1

I'm working on a project in pandas on python. I receive as input a .csv file like this:

Name   Timestamp       Data
A1       259           [1.1,1.0,0.1]
A1       260           [-0.1,1.2,0.3]
A1       261           [0.1,0.2,-0.3]
...
A1       14895         [1.4,0.3,1.8]
...      
A2       278           [-1.1,1.2,0.4]
A2       353           [-0.1,1.2,0.3]
A2       409           [-0.1,1.2,0.3]
...
A2       14900         [-0.1,1.2,0.3]
...
A1140    107           [-0.5,-1.0,-1.0]
A1140    107           [0.6,0.1,0.3]
A1140    114           [-1.1,-1.2,0.3] 
... 
A1140    14995         [-1,1.2,0.4]

I've 1140+ names and hundreds/thousands of data for each name.

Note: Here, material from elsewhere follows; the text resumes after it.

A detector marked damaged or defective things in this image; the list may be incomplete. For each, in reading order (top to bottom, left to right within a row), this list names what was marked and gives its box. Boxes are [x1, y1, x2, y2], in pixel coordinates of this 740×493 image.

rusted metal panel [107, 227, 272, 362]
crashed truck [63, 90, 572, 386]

Data was recorded at 200 Hz and I think that the timestamp numbers indicates milliseconds, though I' m not sure, i don't have access to this information. I've to resample to 50 Hz frequency.

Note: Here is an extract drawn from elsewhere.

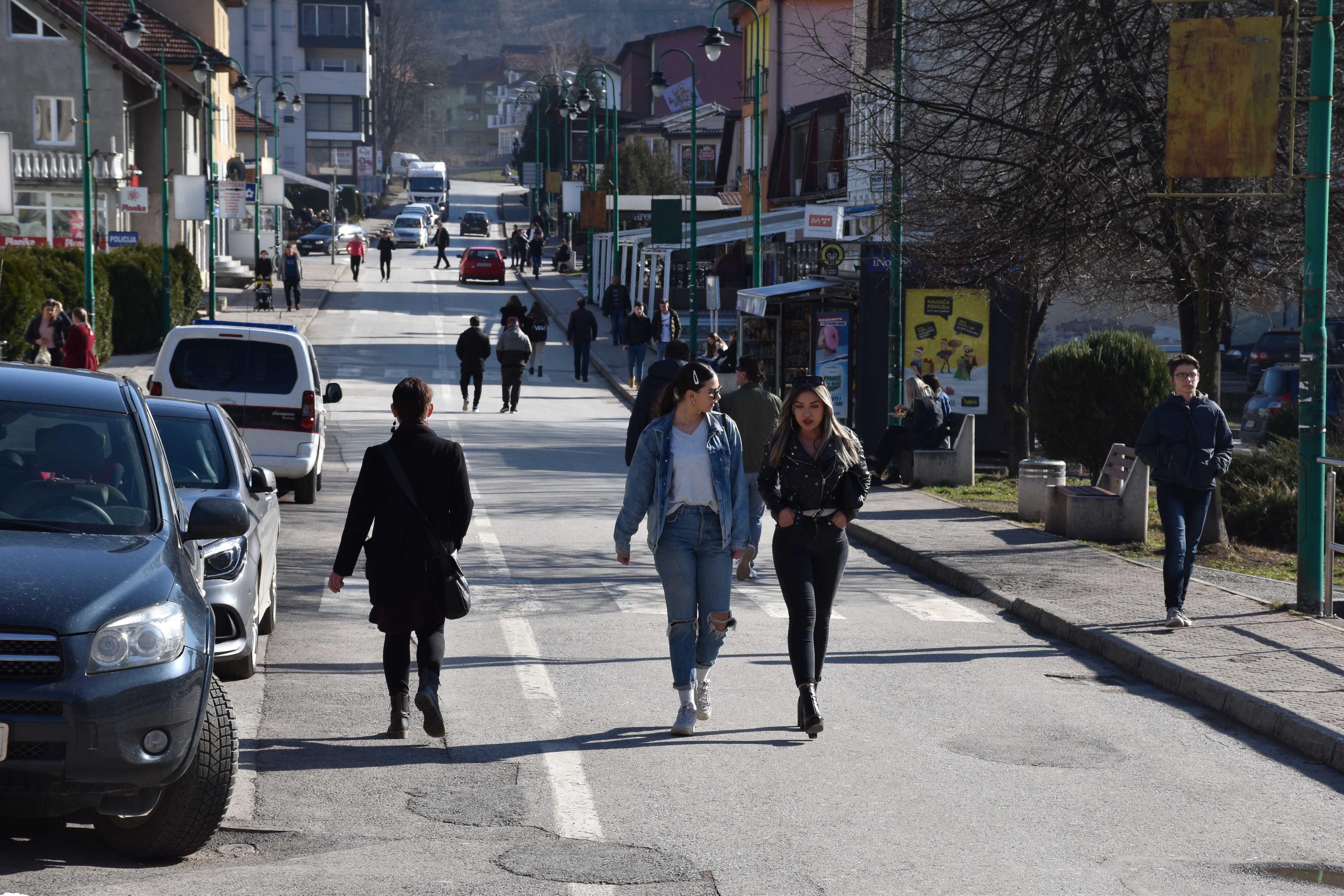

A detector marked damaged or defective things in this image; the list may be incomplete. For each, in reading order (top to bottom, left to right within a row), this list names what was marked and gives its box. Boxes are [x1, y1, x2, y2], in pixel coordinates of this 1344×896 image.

How can I do this? Do I need to convert Timestamp into actual seconds and then use the .resample() function with 0.25s? And should i use a .groupby["Name"] function? Thank you in advance!

liakoyras
  • 1,101
  • 12
  • 27
Kraton
  • 65
  • 1
  • 8
  • 1
    200 Hz means one sample every 5 miliseconds. Your data does not reflect that, there are samples in various timestamps with a difference not equal to 5 ms. – liakoyras Sep 08 '19 at 18:14
  • I'm not sure that are milliseconds, i edited, thanks. – Kraton Sep 08 '19 at 18:18
  • 1
    How did you acquire the 200 Hz info? The samplings seem to be very inconsistent, so stating that the sampling happened with a certain frequency can be confusing at least. – liakoyras Sep 08 '19 at 18:25
  • For example, in A1140 you have two measurements with the same timestamp. – liakoyras Sep 08 '19 at 18:30
  • 1
    Also, what is your goal? Do you want a file of the same format but in a different frequency, or (for example) a different file for each name? – liakoyras Sep 08 '19 at 18:36
  • I received the 200 Hz info from the guy who worked on the previous part of the project and gave me this.csv. The A1140 is not the only case of two measurements with the same timestamp, for example in A1 i've 4 measurements which correspond at the number 330 in timestamp For the goal yes, i want the same file in a different frequency (i suggested to use .groupby["Name"] because i want to try to have almost the same number of datas for each name) – Kraton Sep 08 '19 at 18:46
  • Possible duplicate of [Resample a dataframe with a column of lists](https://stackoverflow.com/questions/57872277/resample-a-dataframe-with-a-column-of-lists) – liakoyras Sep 12 '19 at 06:42

1 Answers1

1

I cannot answer the question exactly in its entirety as not even you are sure about the timestamp, but I will try to give you some general guidelines.
What you have here is called panel data, many different time series for each "name".
groupby(['Name']).apply(<func>) can indeed be a useful method, as it allows for manipulation of each of the different names separately, allowing you to work with the simpler data type of a time series.
A time series is data of the type:

Date                  Value
2000-01-01 00:00:00   3
2000-01-01 00:03:00   12
2000-01-01 00:06:00   21

As you can see, the time period in which each sample is taken, is 3 minutes. We could call resample() and convert it to 10 minutes like this:

series.resample('10T').mean()

Note that instead of mean you could use .apply(<func>) to choose the downsampling method. For more info on the frequency, consider this question.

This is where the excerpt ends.